If there was any confusion about how the Goleta City Council feels about 50,000 gallons of crude oil being pumped into a barge at the Ellwood Marine Terminal and towed up and down the coast, it was cleared up during Monday’s council meeting.
“The City Council of Goleta urges the State Lands Commission to bring about the decommissioning of the Ellwood Marine Terminal now…” a letter sent by the council to the State Lands Commission says. “This is a case where public policy objectives and practical sense say ‘no more – its time has come.’”


The council voted unanimously to send the letter to the commission and asked staff to draft the letter shortly after the marine freighter, Cosco Busan, collided with the San Francisco Bay Bridge on Nov. 7 and spewed 58,000 gallons of fuel into the bay.

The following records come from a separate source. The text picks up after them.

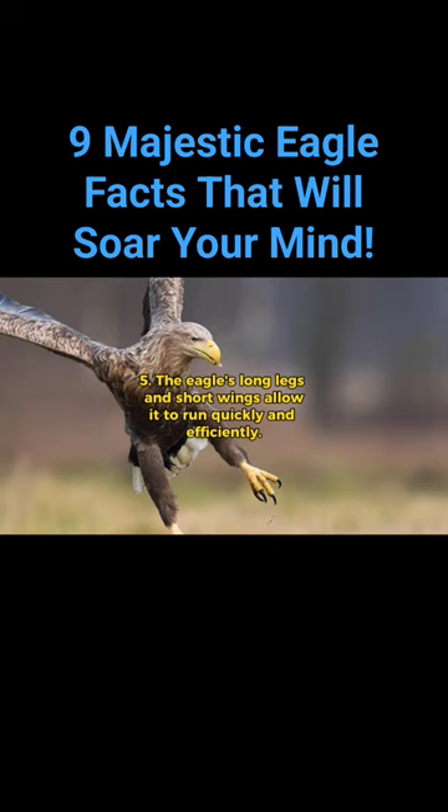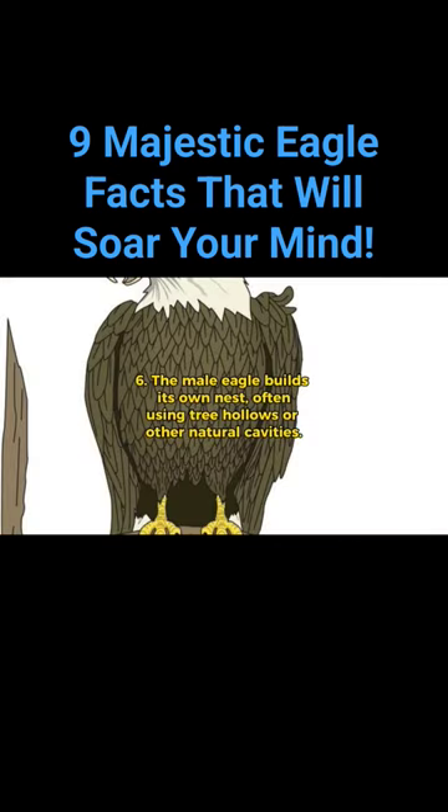The eagle's long legs and short wings allow it to run quickly and efficiently. The male eagle builds its own nest, often using tree hollows or other natural cavities.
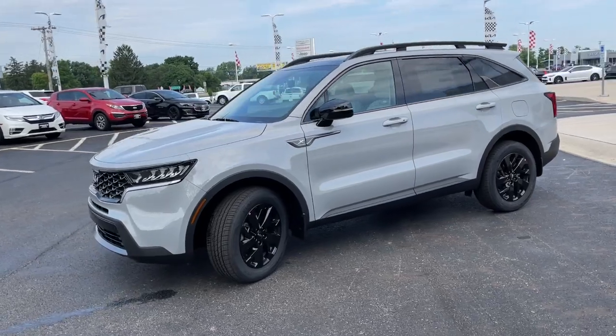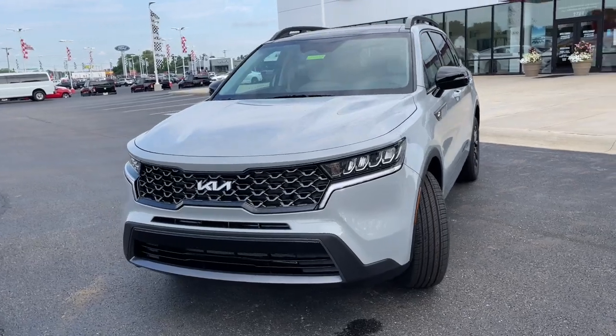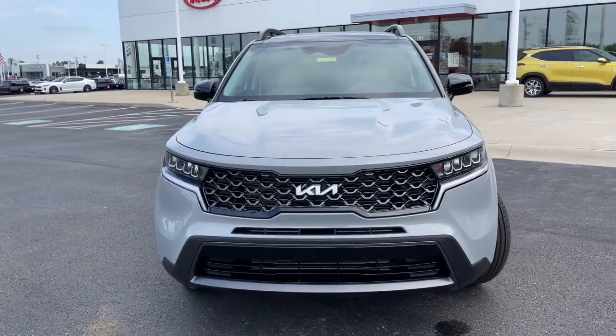Feel energized every time you take the wheel of this handsome Sorento. Treat yourself to a test drive today. Our staff will toss you the keys and give you an outstanding customer experience.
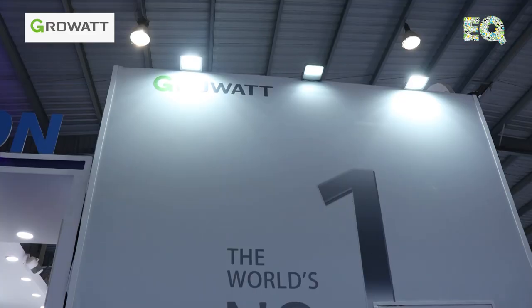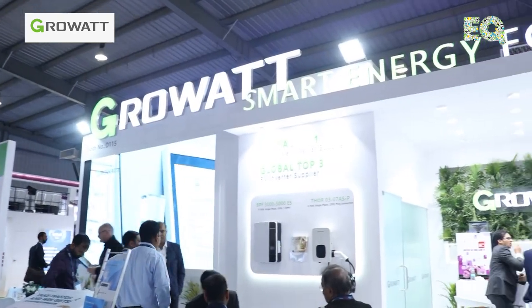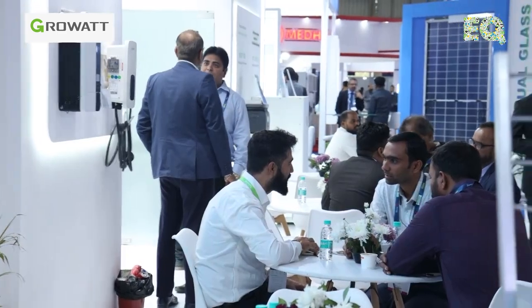As everyone is very much familiar with Growatt, we are an engineering firm dedicated to R&D as well as manufacturing of on-grid inverters, storage solutions, and we have now also entered into EV chargers as well as smart energy management systems. In India, we started our business in 2012 and this year we are celebrating our 10 years of presence in the Indian market. Our product range starts from 1 kilowatt onwards up to 253 kilowatt, covering residential, C&I, as well as utility applications.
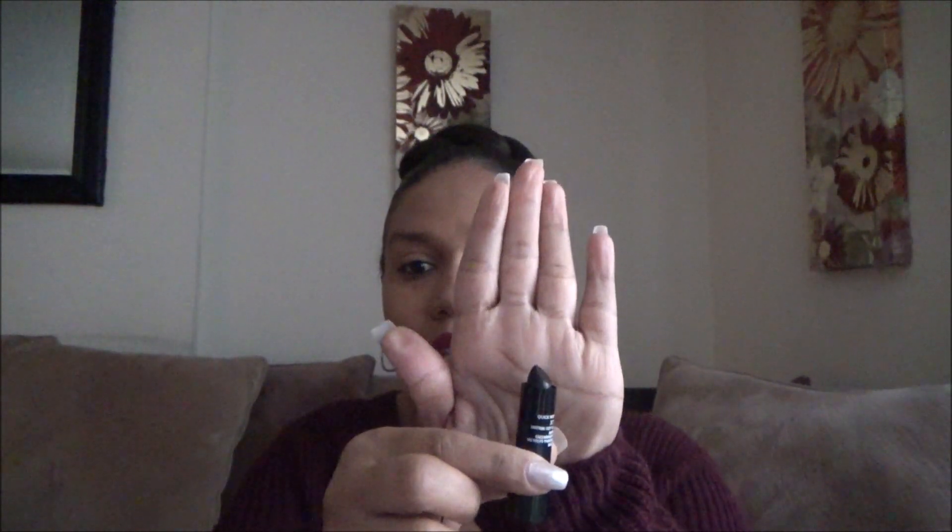Let me start by showing you this quick root touch-up pen. I actually have three of these because when I found them the first time, I purchased multiples so I would not run out. This is basically just a touch-up pen — it comes in Dollar Tree every now and then. It's like a little lipstick tube and they had different colors: black, brown, or whatever. It's just like a crayon for gray hair — you just color right over them.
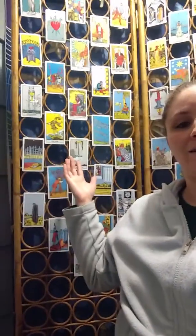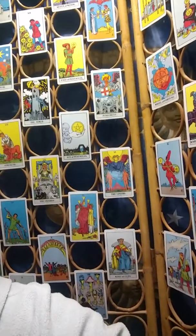Last fall when I heard Spirit Halloween had a tarot deck — traditional Rider Waite — for $3.99, of course I had to go get it. Since I already had a good Rider Waite, I took the one from Spirit Halloween and decorated my screen with it.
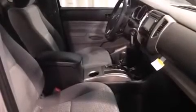Top features include air conditioning, front fog lights, remote keyless entry, a trailer hitch, and more.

“It gives pause to consideration of another fragile operation that takes place in the near-shore waters of the State Tidelands, the Ellwood Marine Terminal,” the letter says.
Nearly 10 public speakers addressed the council during public comment, all of who praised the letter’s content except Steve Craig, manager of government relations for Venoco Inc., which has held a lease since 1983 to use the Ellwood Terminal.
Craig urged the council to not send the letter and noted that the council already sent a similar letter to the commission on Sept. 17, which was met to correspond with a commission meeting that was ultimately rescheduled for early 2008.
“It’s still our desire to work with the council,” Craig said. “If you do anything, direct staff to continue working with Venoco on these things.”
The one thing all parties involved seemed to agree on was that the long-term solution for the transport of oil generated by the Venoco owned platform Holly, is to build a pipeline.
But when and how that happens is up in the air and in the meantime, the council doesn’t want the single hulled Barge Jovalan, which is used to transport the crude oil, to spring a leak.
“There is no logic that would justify the operation of a single hulled ship in our channel,” said Councilman Roger Aceves. “This letter needs to be sent, we need an end point and we need the help of the State Lands Commission to make that happen.”
The city seems to fear that Venoco could be granted permission to continue barge operations at the Ellwood Terminal after its 2013 lease agreement expires and construction of a pipeline would therefore be delayed.
But Craig said if all goes well, the permitting process for a pipeline could be completed sometime in 2008 and construction would begin in early 2009. He said the pipeline would transport the oil 12 miles north from the Ellwood Terminal to a facility in Flores Canyon.
If this timeline is realized, Craig said it wouldn’t make any sense to spend tens of millions of dollars to purchase a new, double hulled barge, which could reduce the likelihood of an oil spill in the event of a collision.
He also said even if Venoco did purchase a new barge to operate between now and when a pipeline is constructed, it would be difficult to outfit it with a vapor recovery system that is approved by the Santa Barbara County Air Pollution Control District.
Craig said the vapor recovery system on the Barge Jovalan is a registered trademark of the owner of the vessel and is the only of its kind approved by the district.
The council’s letter was sent to the commission because the state not only owns the Marine Terminal, but also owns a percentage of the oil.
Craig said as much as one-sixth of the oil transported in the barge on a yearly basis is handed over to the state.
The letter itself addresses the precarious situation the state is in by saying, “Yes, it is the State’s oil and you, the Commission, are the central most controlling factor in this play. Your actions and omissions regarding the leases, the vendor and the day-to-day operations can only go so far. Human error and mechanical failure regularly occur in industrial operations and, sadly, the consequences of such are catastrophic in the marine environment.”
Steve Chase, the city’s planning and environmental services director, summed up the general feeling of the meeting.
“At the end of the day…” he said. “It really is a time to say no mas, no more, the time has come.”
Ed Easton, a resident who addressed the council during public comment, and said he’s watched the barge come and go over the years, fears the prospects of 50,000 barrels of oil spilling into the channel. To put it into perspective, the amount of oil barged every 10 to 14 days out of the Ellwood Terminal is roughly two million gallons more than spilled into the San Francisco Bay in November.